Sie brauchte aber für ihr Engagement nicht an erster Stelle eine Gruppe. Schon in Ihrer Arbeit im Spitalgefängnis, setzte sie sich persönlich ein, holte sich Rat, wenn sie Inhaftierte nicht als Straftäter wahrnahm. Sie stand für sie ein. Auch in ihrem privaten Umfeld und in ihrer Nachbarschaft unterstützte sie viele Nichteinheimische, mit den ihr zu Verfügung stehenden Mittel, erteilte Unterricht und organisierte Finanzen. Sie nahm mit Vielen auch das Gespräch auf, begleitete Menschen mit Rat und Tat.

Als 2007 das Regime des Nichteintretensentscheides (NEE) in der Eidgenossenschaft in Kraft trat, und viele Flüchtlinge auf der Strasse landeten, kam bald der Mittagstisch für Sans-Papiers in der Pfarrei St. Marien zustande. Magdalena Strebel war als eine der Ersten dabei, wöchentlich eine Aufgabe zu übernehmen. Sie half das Essen zubereiten, ging auf alle Gäste ein. Wenn sich jemand nicht willkommen fühlte, war sie die Erste, die davon wusste und Abhilfe schaffte.

Magdalena war nicht immer bequem. Sie hatte Mühe, vollendeten Tatsachen zu akzeptieren. Behörden in Staat und Kirche erhielten Briefe und Telefonate, wobei sie keinen besonderen Respekt übte. Vor allem dann, wenn Gäste des offenen Pfarreiheimes Prairie – sie besuchte es regelmässig - oder auch Menschen von der Gasse Unrecht angetan wurde. Sie war eine Kämpferin gegen jegliches Unrecht.
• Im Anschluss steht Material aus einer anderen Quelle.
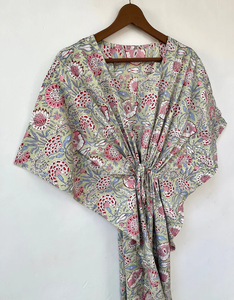 Vestido Kaftán Informal de Verano con Estampado Floral Tropical, de Algodón, para Mujer, Ropa de Playa, Estilo Asia Pacífico, Sin Mangas - Product Image 2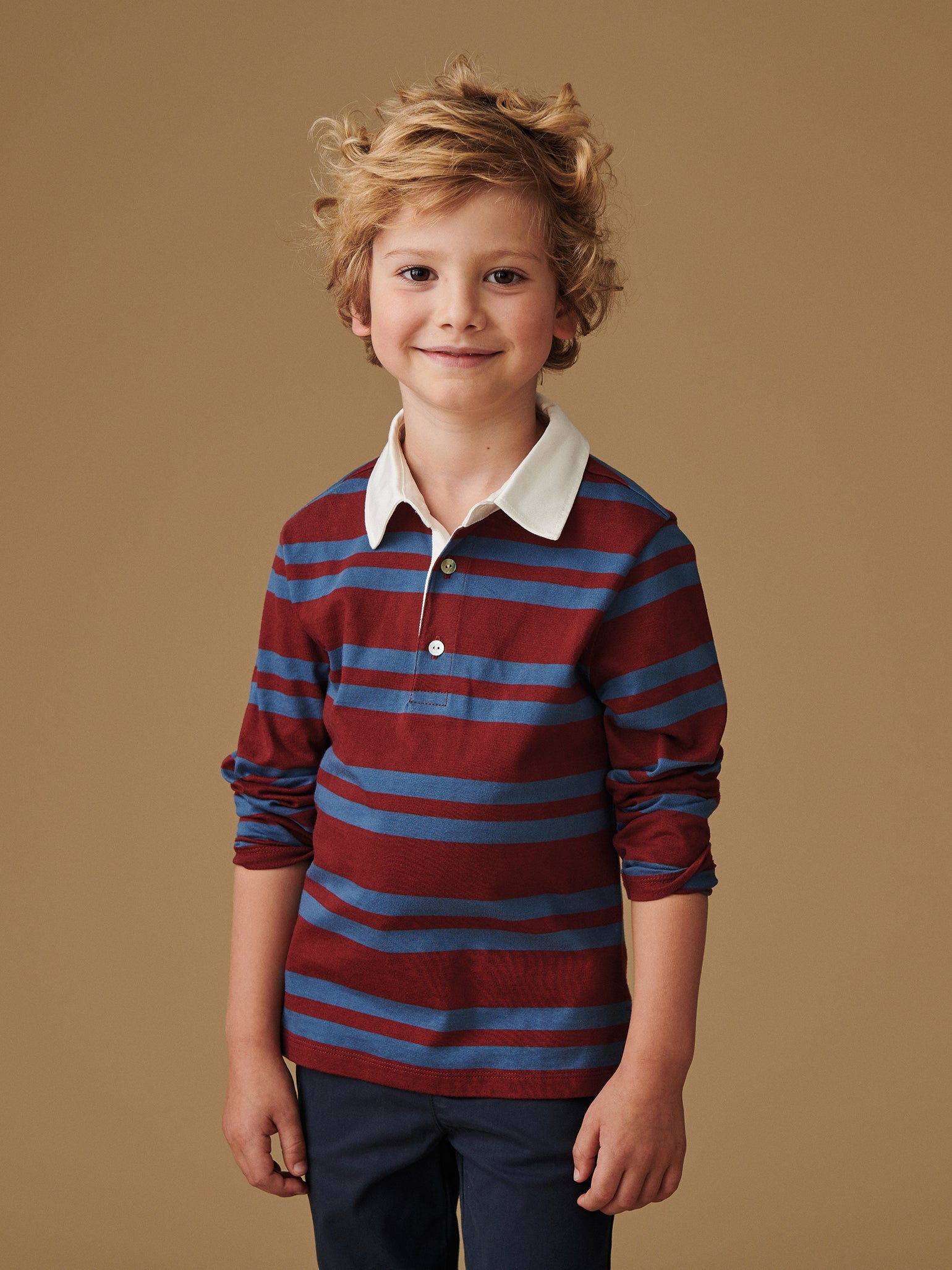 Blue Stripe Tijo Long Sleeve Boy Rugby Shirt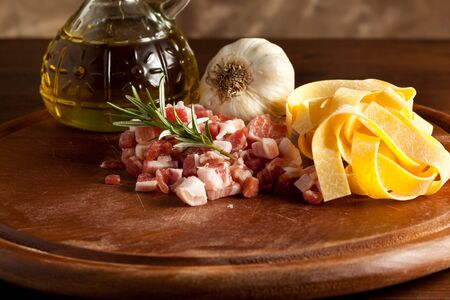 pasta with baconの写真素材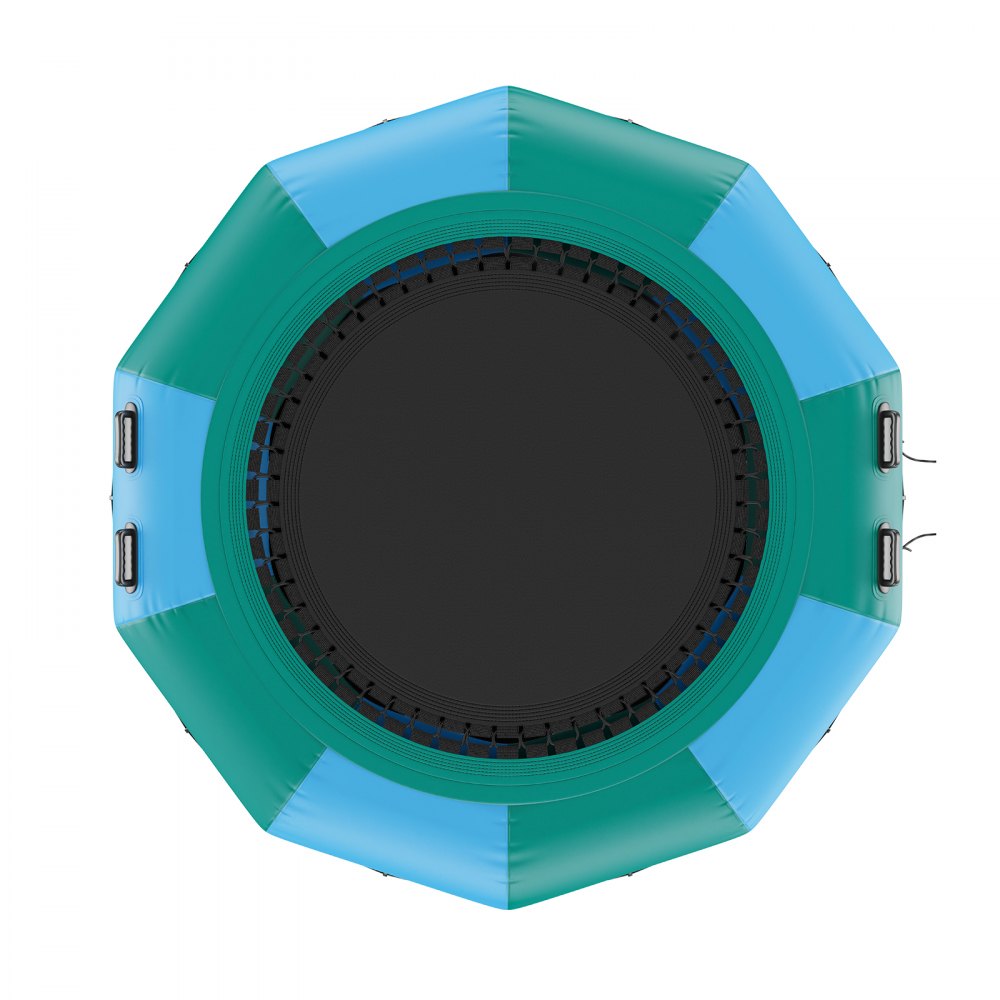 VEVOR Opblaasbare watertrampoline met ladder, waterdicht, slijtvast, watertrampoline 3,05 m groot springoppervlak, springplatform waterpark zwembadtrampoline, blauw + groen, draagvermogen 185 kg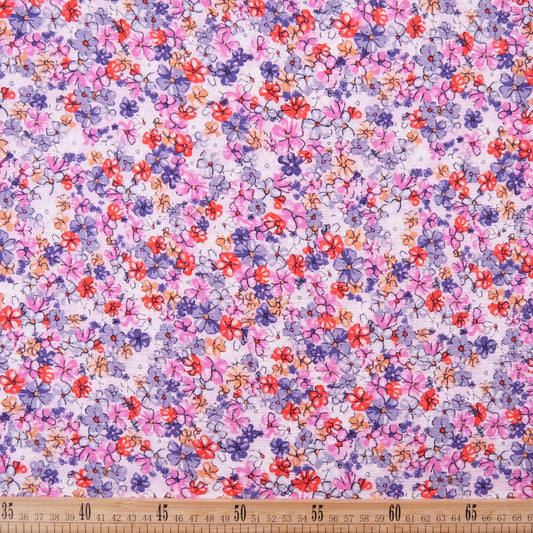 FIBRANA CREPE ESTAMPADA BLANCO BRILLANTE FLORAL COLORIDO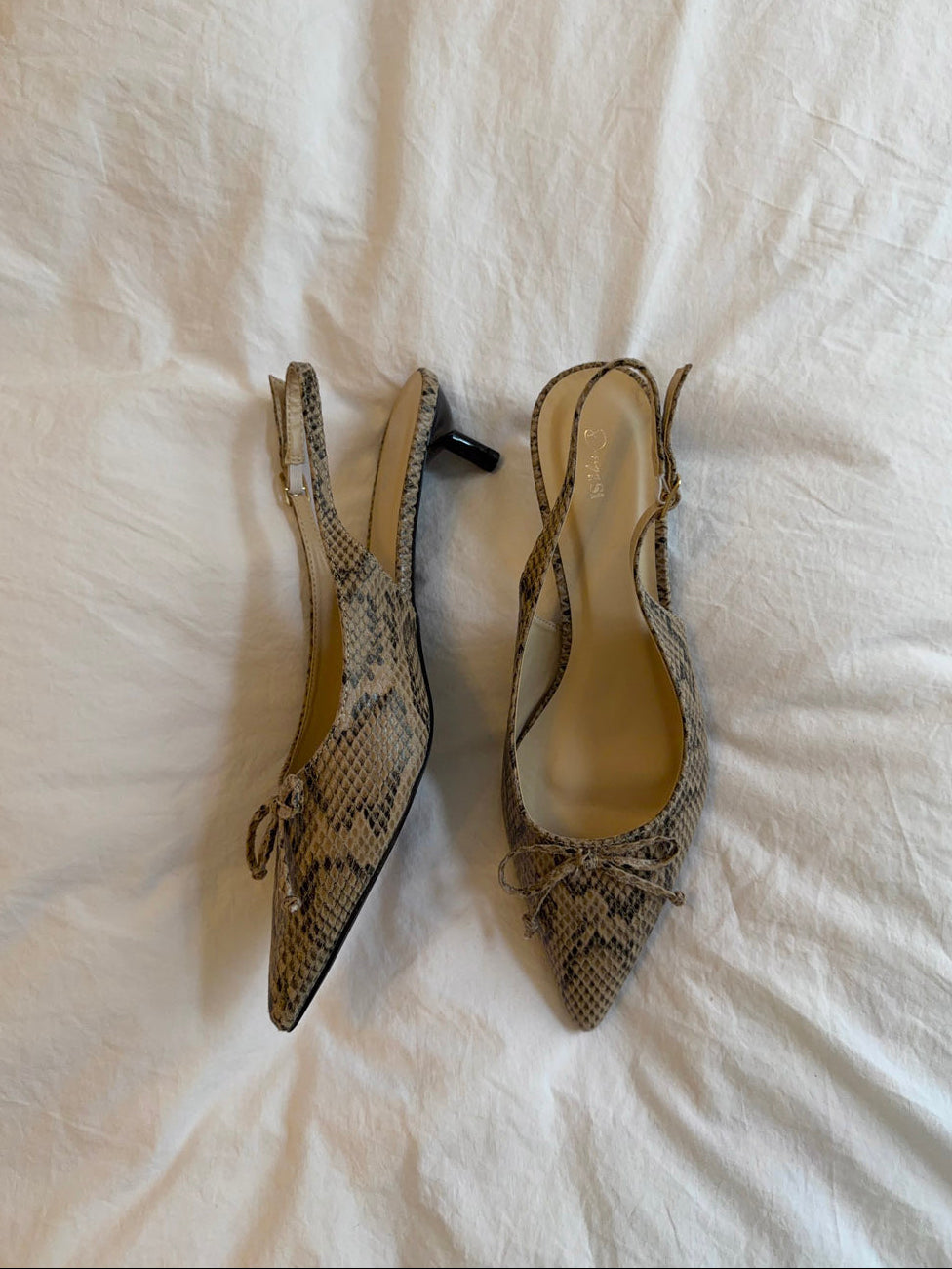 Mojsa mules med slangskind - Beige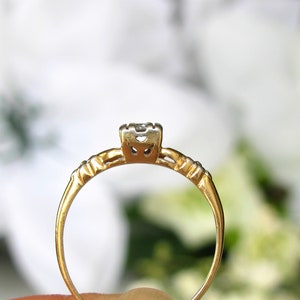 Art Deco Engagement Ring Petite 0.10ct Diamond 14K Two Tone Gold Orange ...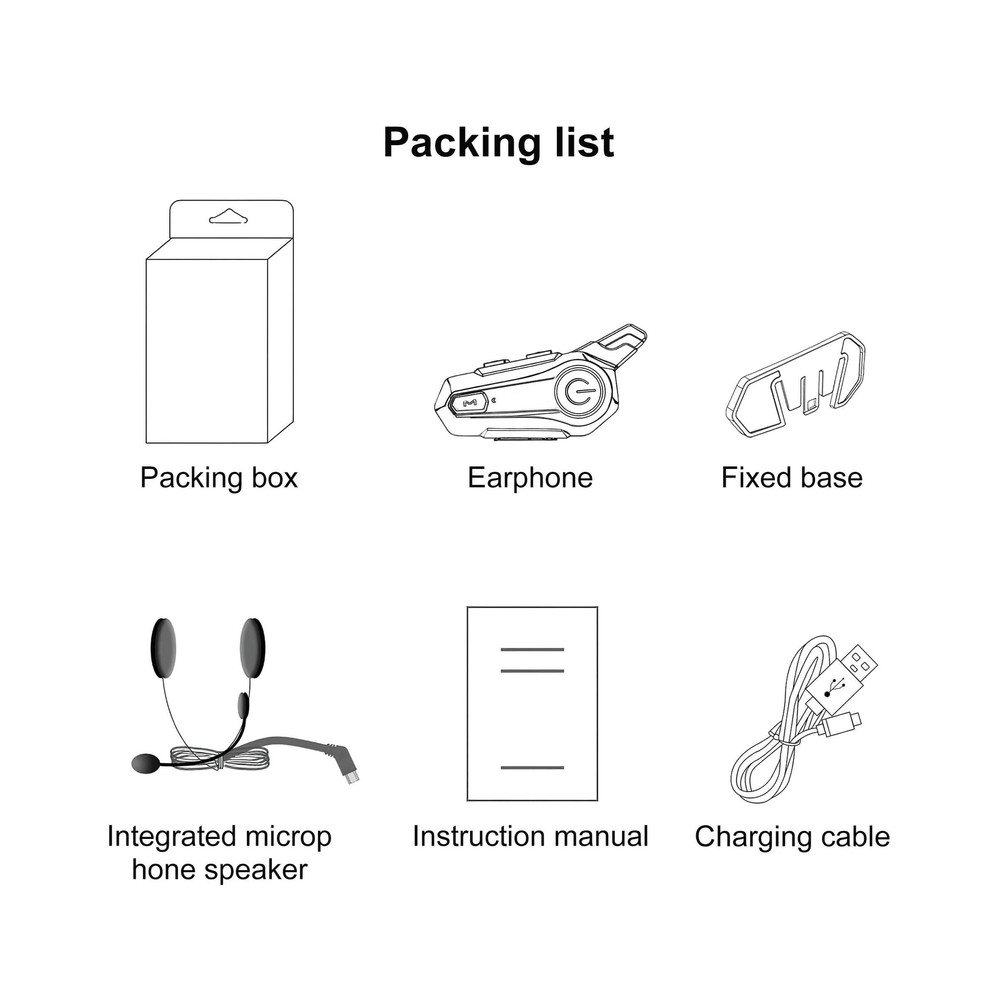 Motorcycle Bluetooth Headset Wireless Helmet Intercom Headphone with CVC Nois...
Sie war geradeaus; auch in den Sitzungen und Kontakten im Solidaritätsnetz. Dennoch fühlte sie sich im Solidaritätsnetz immer willkommen und sorgte sich um das Wohlergehen vieler Mitglieder. Sie fragte oft: «Wie geht es dir wirklich?». Sie wollte mit dieser Frage ergründen, ob sie sich persönlich noch mehr engagieren könnte. Sie war die Netzwerkerin in Person. Sie litt darunter, dass die Willkommenskultur in der Schweiz und Europa nach knapp etwas mehr als einem Jahr verschwand. Das Solidaritätsnetz Bern vermisst Magdalena sehr. Wir werden ihr Erbe bewahren. Hilfesuchende bleiben im Solidaritätsnetz willkommen.